American stand-up comedian, actor, writer and filmmaker Louis C.K. began his career performing stand-up while simultaneously making short films. When he was 17, he directed a comedic short film titled Trash Day (1984). His third short film, Ice Cream, won the grand prize at the Aspen Shortsfest in 1993. In the same year, he began writing for Late Night with Conan O'Brien before leaving the next year. His next writing job was on Late Show with David Letterman in 1995, and directed a series of shorts for Howie Mandel's Sunny Skies on television, followed by acting as head writer for The Dana Carvey Show (1997) and a writer on The Chris Rock Show (1997–1999). He voiced a fictional version of himself on four episodes of Dr. Katz, Professional Therapist from 1996 to 2002. He directed his first feature, Tomorrow Night, in 1998, which failed to attract any distributors and was later re-released by C.K. on his website in 2014.

In the early 2000s, he continued to collaborate with actor-comedian Chris Rock. They co-wrote Down to Earth in 2001 and C.K. wrote and directed Pootie Tang (which C.K. was fired from during editing) later that year – both featured Rock in acting roles. In 2002, he voiced Brendon Small's estranged father, Andrew Small, in Home Movies. His first leading role was the short-lived HBO sitcom Lucky Louie, which he also wrote, in 2006. He worked again with Rock as a writer again with the comedy I Think I Love My Wife (2007). After performing stand-up on several television shows from the late 1980s, he released his first stand-up special, Shameless, in 2007. In 2008, he wrote, performed in, directed, executive produced, and edited Chewed Up, and acted in Diminished Capacity, Welcome Home Roscoe Jenkins, and Role Models (all 2008). His next film role was in The Invention of Lying (2009).

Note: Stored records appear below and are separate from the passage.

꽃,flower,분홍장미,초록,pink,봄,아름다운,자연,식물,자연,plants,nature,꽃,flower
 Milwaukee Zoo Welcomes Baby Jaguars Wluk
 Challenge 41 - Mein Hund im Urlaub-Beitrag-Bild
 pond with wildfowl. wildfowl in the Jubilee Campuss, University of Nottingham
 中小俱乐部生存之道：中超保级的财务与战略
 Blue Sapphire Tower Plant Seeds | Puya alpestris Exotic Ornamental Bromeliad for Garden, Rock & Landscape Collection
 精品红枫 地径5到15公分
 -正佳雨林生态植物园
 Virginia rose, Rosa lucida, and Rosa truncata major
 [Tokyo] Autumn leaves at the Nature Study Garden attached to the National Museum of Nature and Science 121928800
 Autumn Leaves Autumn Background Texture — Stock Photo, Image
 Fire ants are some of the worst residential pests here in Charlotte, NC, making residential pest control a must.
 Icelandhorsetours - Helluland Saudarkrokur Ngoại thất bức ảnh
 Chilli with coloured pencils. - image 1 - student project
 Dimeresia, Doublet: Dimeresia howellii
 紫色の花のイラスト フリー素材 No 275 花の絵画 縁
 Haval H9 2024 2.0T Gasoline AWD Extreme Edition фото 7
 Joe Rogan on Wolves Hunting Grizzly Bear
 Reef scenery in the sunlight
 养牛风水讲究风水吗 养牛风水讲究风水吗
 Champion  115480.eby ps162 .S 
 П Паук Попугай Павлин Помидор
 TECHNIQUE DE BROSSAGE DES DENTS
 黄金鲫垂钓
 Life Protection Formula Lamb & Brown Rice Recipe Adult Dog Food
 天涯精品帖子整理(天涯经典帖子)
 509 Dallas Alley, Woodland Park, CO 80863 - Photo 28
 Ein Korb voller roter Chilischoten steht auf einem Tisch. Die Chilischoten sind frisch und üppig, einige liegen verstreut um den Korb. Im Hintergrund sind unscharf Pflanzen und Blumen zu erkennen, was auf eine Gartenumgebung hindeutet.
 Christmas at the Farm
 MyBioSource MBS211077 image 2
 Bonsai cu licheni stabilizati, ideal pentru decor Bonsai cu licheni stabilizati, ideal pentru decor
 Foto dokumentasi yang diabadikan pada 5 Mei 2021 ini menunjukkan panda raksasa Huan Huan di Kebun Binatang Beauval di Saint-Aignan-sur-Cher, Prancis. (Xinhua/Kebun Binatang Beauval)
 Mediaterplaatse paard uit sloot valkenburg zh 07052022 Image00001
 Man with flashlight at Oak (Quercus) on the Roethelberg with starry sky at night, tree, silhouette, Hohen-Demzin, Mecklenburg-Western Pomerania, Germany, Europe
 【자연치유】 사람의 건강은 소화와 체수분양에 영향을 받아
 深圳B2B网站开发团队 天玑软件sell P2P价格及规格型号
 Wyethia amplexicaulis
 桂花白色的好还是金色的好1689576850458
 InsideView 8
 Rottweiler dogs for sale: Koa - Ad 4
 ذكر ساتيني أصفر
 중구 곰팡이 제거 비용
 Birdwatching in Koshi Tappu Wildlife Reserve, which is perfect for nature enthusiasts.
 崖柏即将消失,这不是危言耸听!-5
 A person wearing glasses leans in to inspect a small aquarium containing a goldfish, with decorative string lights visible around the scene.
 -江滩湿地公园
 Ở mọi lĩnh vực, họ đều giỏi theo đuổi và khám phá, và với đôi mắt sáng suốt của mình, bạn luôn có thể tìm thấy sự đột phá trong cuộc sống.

Since 2010, C.K. has starred in, written, directed, edited, and produced the comedy-drama series Louie on FX. He stars as a fictionalized version of himself, a divorced father and comedian. The series has garnered critical acclaim and has won numerous awards. In 2010, his stand-up film Hilarious premiered at the Sundance Film Festival. His next special was Live at the Beacon Theater (2011). He first hosted Saturday Night Live in November 2012, and subsequently hosted it on three more occasions in 2014, 2015, and 2017. He played a love interest in Woody Allen's Blue Jasmine and an FBI agent's boss in David O. Russell's American Hustle (2013). C.K.'s next specials were Oh My God (2013) and Live at the Comedy Store (2015). He co-created, co-writes and executive produces FX's Baskets and wrote, directed, produced, and co-starred in the comedy-drama series Horace and Pete, which was released unexpectedly to his website in 2016. He played the lead voice role in The Secret Life of Pets in the same year.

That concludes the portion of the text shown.